Mo Farah a réalisé pour la seconde fois de sa carrière un doublé historique lorsqu’il a gagné l’or Olympique sur le 5 000 m, puis le 10 000 m, aux Jeux Olympiques de Rio, renouvelant ainsi sa performance de Londres en 2012. Il fait partie des nommés pour le Laureus World Sportsman of the Year 2017.
Il répond aux questions de « Laureus.com », à quelques jours de la cérémonie des Laureus World Sports Awards, qui aura lieu à Monaco le 14 février.
Laureus : Six mois après, en regardant en arrière vers Rio, quel est votre ressenti ?
Mo Farah : Rio fut un moment exceptionnel pour moi. Voir tout ce dur labeur payer, c’est très gratifiant – cela a donné un sens à ces milliers de kilomètres courus à l’entrainement, ce travail de fond exigeant et le fait d’être loin de ma famille pendant des mois entiers.
Avec du recul, l’atmosphère autour de Rio était intense et a rendu ces Jeux assez spectaculaires. Mais j’ai apprécié chaque minute. C’était vraiment une atmosphère différente de celle de Londres en 2012, mais c’était toujours aussi incroyable.
L: Y a-t-il un moment de ces Jeux, en particulier, qui restera gravé dans votre mémoire ?

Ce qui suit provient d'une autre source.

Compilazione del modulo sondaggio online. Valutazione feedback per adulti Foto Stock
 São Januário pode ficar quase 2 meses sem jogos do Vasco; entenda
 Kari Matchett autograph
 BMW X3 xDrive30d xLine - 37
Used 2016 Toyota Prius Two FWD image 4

M. F. : Je pense forcément au moment où j’ai trébuché, pendant le 10km – c’était, honnêtement, l’une des courses les plus difficiles de ma vie, et cette chute représentait presque la fin de toute chance de faire quelque chose pour cette épreuve. Tout est arrivé si vite, et je n’arrêtais pas de penser à mon travail acharné lors des séances d’entrainement et aux sacrifices que j’avais faits, qui étais en train d’être gâchés.
J’ai eu de la chance que la chute arrive assez tôt dans la course, cela m’a permis de me relever, de reprendre mes esprits et de me remettre dedans en accélérant pour les derniers mètres restants. Quand j’ai passé la ligne, j’étais complétement vidé – j’étais épuisé physiquement et mentalement. C’était tellement bien d’avoir ma femme Tania et ma fille Rhianna dans les gradins, pour fêter ça avec moi juste après.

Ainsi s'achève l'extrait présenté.